INSTRUCTIONS TO FOLLOW
Please output the listing below character for character and omit the images.
========
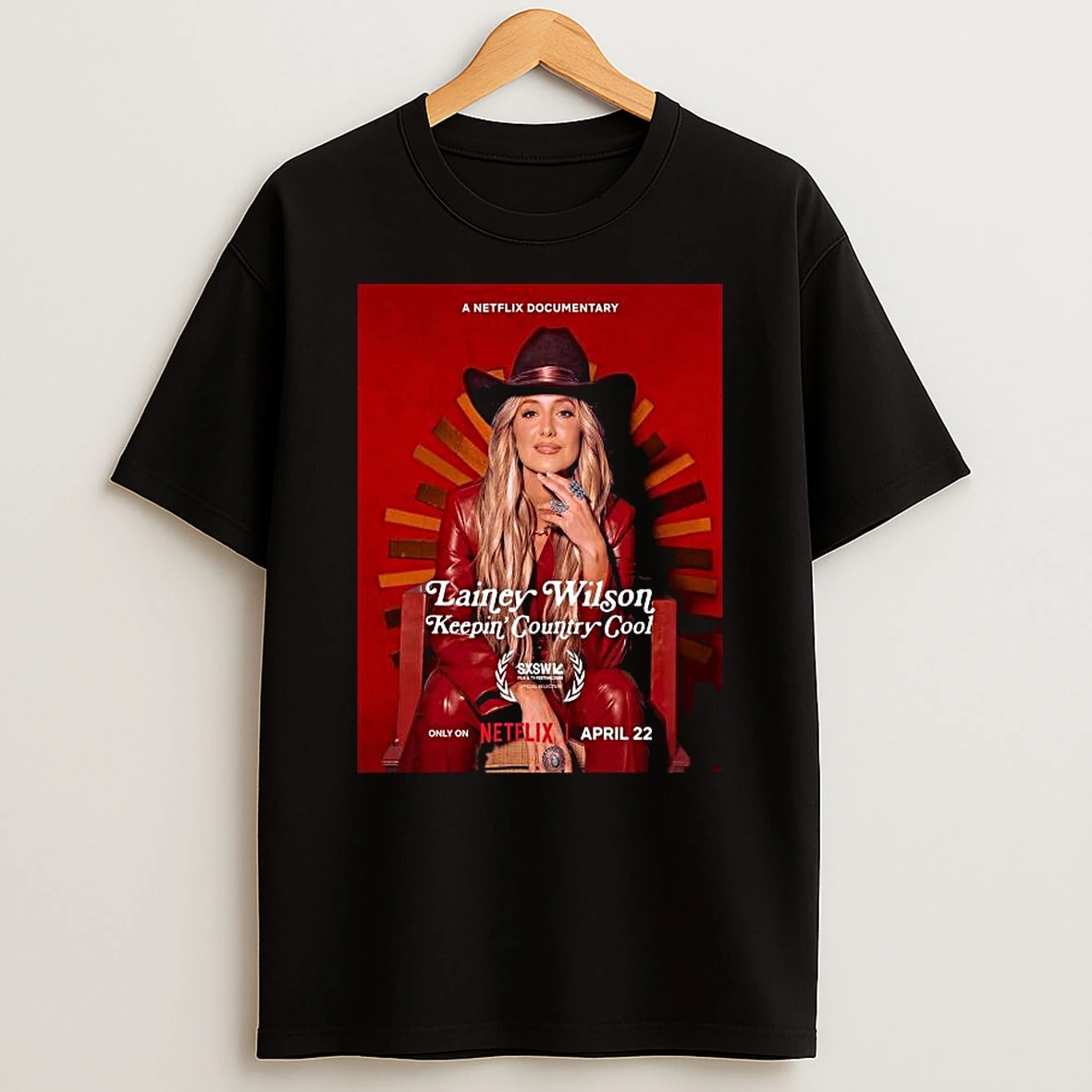 Lainey Wilson Keepin Country Cool Netflix Documentary On April 22 2026 T Shirt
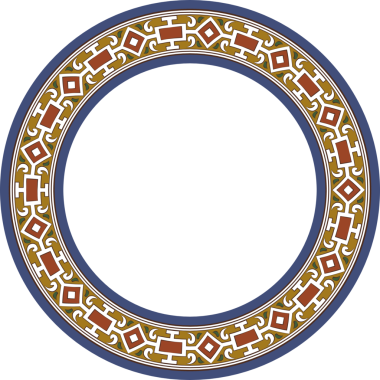 Eski model stil yuvarlak çerçeve kare çapraz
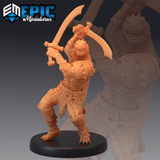 Lizard Folk Fighter Miniature | B - Tabletop RPG & D&D miniature. Perfect for wargaming & collectors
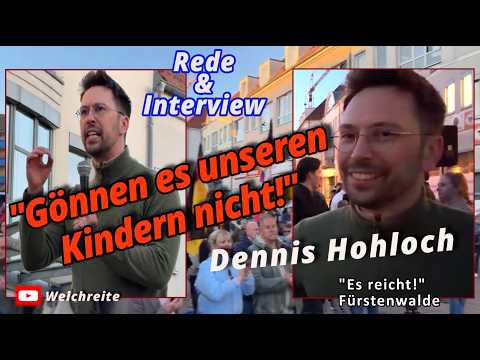 „Schüsse in einer Kleinstadt!“ Rede & Interview Dennis Hohloch AfD „Es reicht!“ Fürstenwalde 21.4.26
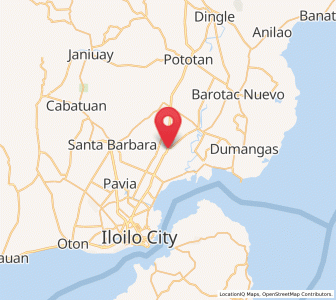 Map of Zarraga, Western Visayas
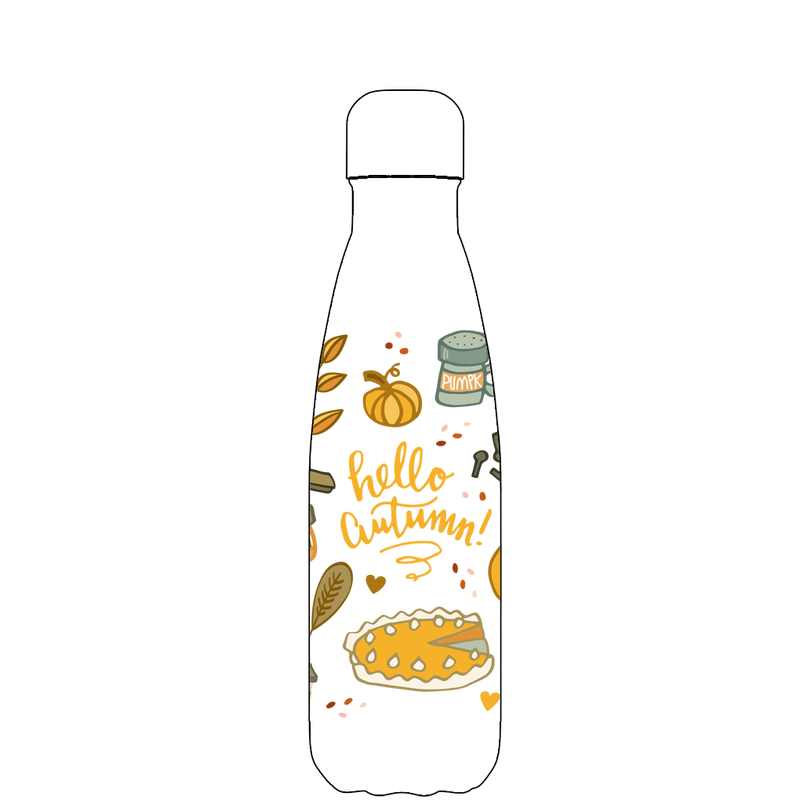 Pumpkin Spice Water Bottle Pattern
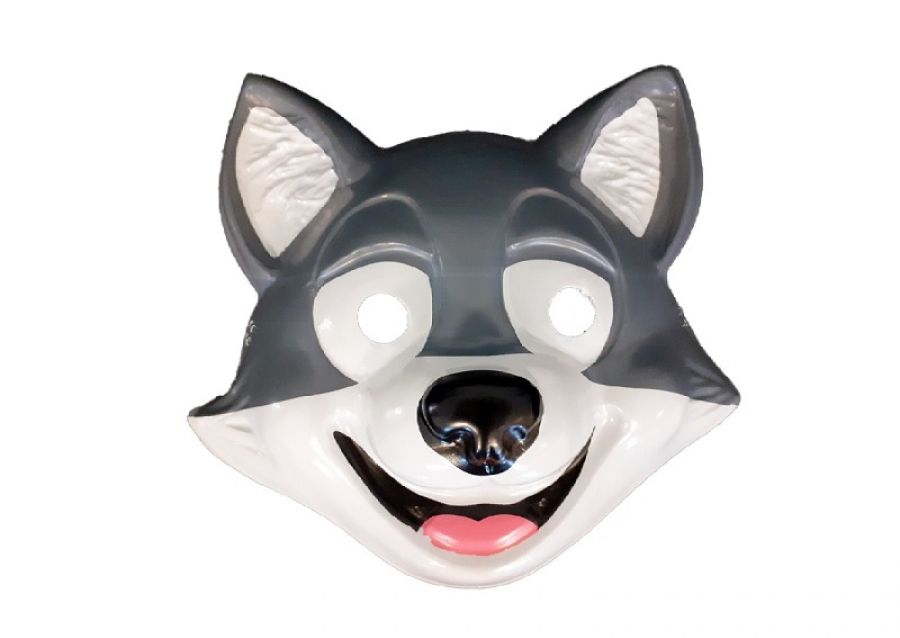 [3710] CARETA PLASTICA LOBO GRIS (3302) TRIGGER PACK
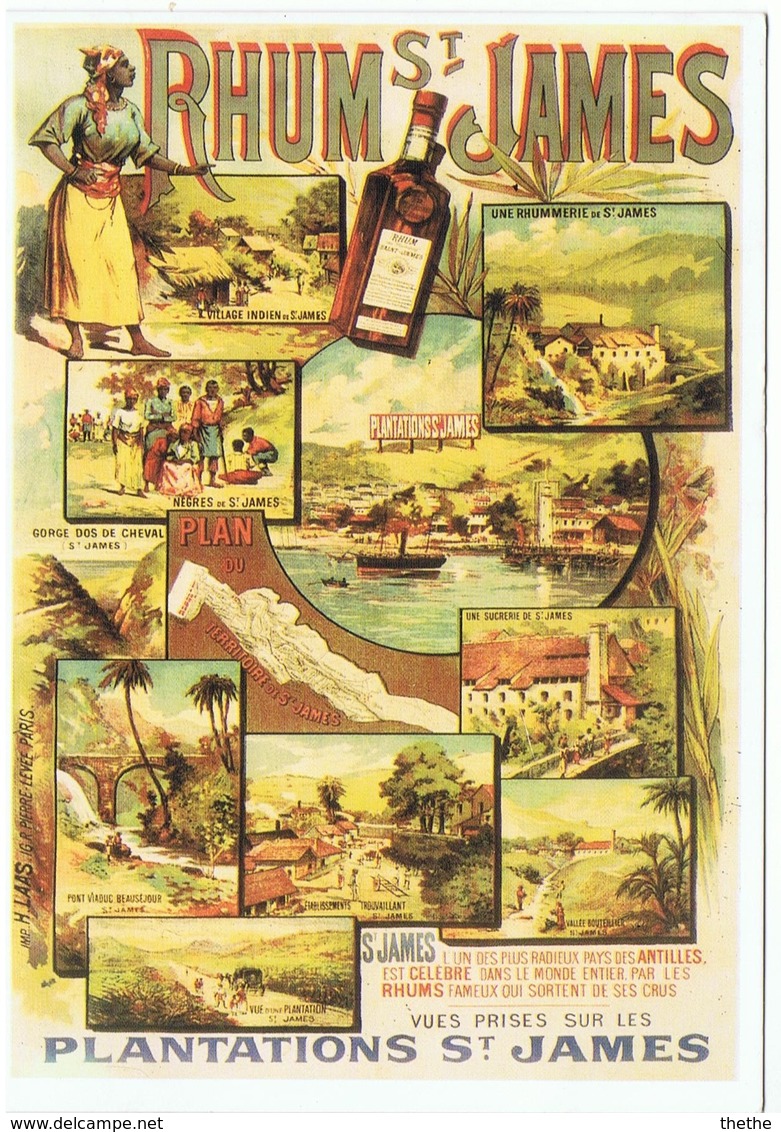 RHUM ST JAMES - Reproduction Gravure Des Anciennes Plantations Saint James - Other & Unclassified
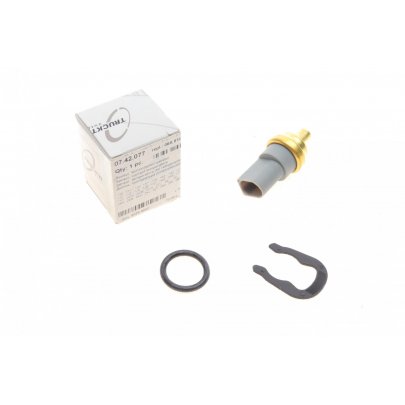 Датчик температуры охлаждающей жидкости (2 контакта, серый)  Volkswagen Golf 5 / Фольксваген Гольф 5 2003-2009 07.42.077 TRUCKTEC (Германия)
========
FINISHED EXERCISE
 Lainey Wilson Keepin Country Cool Netflix Documentary On April 22 2026 T Shirt
 Eski model stil yuvarlak çerçeve kare çapraz
 Lizard Folk Fighter Miniature | B - Tabletop RPG & D&D miniature. Perfect for wargaming & collectors
 „Schüsse in einer Kleinstadt!“ Rede & Interview Dennis Hohloch AfD „Es reicht!“ Fürstenwalde 21.4.26
 Map of Zarraga, Western Visayas
 Pumpkin Spice Water Bottle Pattern
 [3710] CARETA PLASTICA LOBO GRIS (3302) TRIGGER PACK
 RHUM ST JAMES - Reproduction Gravure Des Anciennes Plantations Saint James - Other & Unclassified
 Датчик температуры охлаждающей жидкости (2 контакта, серый)  Volkswagen Golf 5 / Фольксваген Гольф 5 2003-2009 07.42.077 TRUCKTEC (Германия)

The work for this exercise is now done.